List Processing = Lisp

Introducing Clojure¶

About Clojure¶

The language is a Java Virtual Machine (JVM) backed Lisp language.
Clojure comes data values and data structures.
Clojure programs are LC expressions, and the execution model is based on LC rewriting rules.
Clojure binds expression to symbols that can be reused and can be recursive.
Clojure has advanced and modern computational models: asynchronous, concurrent and modular programming

Note

Clojure is a practical language.

From LC to Clojure¶

LC names are symbols.
Abstractions are function declarations (with possible recursion).
Applications are function invocations.
Programming constructs are called forms in Clojure.

Names are symbols¶

Clojure has very genereously relaxed convention for symbol names.
x, y, z, x', last-name, :x:, 𝜋, +, \(\dots\)

Function declaration form¶

\(\lambda\) becomes the keyword fn
Parameters are enclosed in [ ... ]

\[ \lambda x.\lambda y.\lambda z. \left<\mathrm{body}\right> \]

\[ \downarrow \]

\[ \underbrace{\lambda}_{\mathrm{fn}} \underbrace{x.y.z.}_{\mathrm{[x\ y\ z]}} \left<\mathrm{body}\right> \]

So, function declaration is:

(fn [...] body)

Function invocation form¶

Clojure copies LC exactly for function invocation.

(func-expression arguments...)

A Hello World in Clojure¶

println is a function with variadic arity.
All arguments are converted to strings.
The function prints the arguments with space separation.

(println "Hello" "World")

Hello World

nil

Greeting in Clojure¶

We can define a function that outputs a message with a greeting prefix.

(fn [message] (println "Hi there," message))

#function[user/eval3980/fn--3981]

We can use the function in a function invocation form.

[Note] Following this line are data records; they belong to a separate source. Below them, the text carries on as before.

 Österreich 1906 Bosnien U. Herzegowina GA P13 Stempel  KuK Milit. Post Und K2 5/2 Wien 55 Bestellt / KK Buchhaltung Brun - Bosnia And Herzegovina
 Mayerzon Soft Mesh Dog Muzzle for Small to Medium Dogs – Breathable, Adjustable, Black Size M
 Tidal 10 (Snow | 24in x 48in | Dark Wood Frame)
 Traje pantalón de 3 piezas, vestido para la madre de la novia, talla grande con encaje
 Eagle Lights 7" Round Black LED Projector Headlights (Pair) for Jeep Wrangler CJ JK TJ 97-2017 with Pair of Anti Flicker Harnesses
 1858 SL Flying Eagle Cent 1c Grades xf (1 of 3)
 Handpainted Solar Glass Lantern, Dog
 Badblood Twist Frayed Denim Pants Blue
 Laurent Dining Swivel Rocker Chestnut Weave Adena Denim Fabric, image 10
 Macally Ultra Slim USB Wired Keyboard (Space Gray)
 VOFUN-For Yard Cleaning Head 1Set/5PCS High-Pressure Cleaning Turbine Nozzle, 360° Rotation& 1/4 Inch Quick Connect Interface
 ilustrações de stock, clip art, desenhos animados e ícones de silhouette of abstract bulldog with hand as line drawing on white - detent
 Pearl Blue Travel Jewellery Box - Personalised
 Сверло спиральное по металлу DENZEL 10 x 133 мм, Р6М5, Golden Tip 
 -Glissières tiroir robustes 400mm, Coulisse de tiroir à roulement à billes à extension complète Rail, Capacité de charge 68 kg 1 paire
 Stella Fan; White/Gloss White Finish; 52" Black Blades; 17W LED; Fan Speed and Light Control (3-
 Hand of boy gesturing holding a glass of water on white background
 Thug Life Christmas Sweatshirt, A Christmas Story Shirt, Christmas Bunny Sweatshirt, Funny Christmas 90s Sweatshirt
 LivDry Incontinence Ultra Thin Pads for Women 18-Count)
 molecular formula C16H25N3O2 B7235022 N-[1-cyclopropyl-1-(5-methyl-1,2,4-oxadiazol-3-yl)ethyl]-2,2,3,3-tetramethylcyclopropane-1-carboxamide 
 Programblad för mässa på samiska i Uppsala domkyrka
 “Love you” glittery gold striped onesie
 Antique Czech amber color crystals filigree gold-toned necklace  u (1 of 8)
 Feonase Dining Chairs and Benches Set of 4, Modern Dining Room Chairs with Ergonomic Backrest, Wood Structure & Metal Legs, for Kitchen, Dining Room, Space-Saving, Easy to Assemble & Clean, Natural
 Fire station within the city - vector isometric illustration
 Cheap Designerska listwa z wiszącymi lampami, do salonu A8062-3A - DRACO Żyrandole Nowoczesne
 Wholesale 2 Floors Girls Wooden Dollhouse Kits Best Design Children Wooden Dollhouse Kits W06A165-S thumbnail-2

((fn [message] (println "Hi there," message)) "my name is Ken.")

Hi there, my name is Ken.

nil

Be kind to your readers and learn about smart ways of indenting Clojure code.

Whitespace doesn’t matter
; is the comment character

((fn [x]
     ; x is the message
     (println "Hi there," x))
  "my name is Ken.")

Hi there, my name is Ken.

nil

Symbol binding¶

We will talk a lot more about symbol bindings in Clojure, but for now, we will focus on the top-level symbol binding form:

(def <name> <value>)

(def greet (fn [x] (println "Hi there," x)))

#'user/greet

Now, we can use the function.

(greet "my name is Ken.")

Hi there, my name is Ken.

nil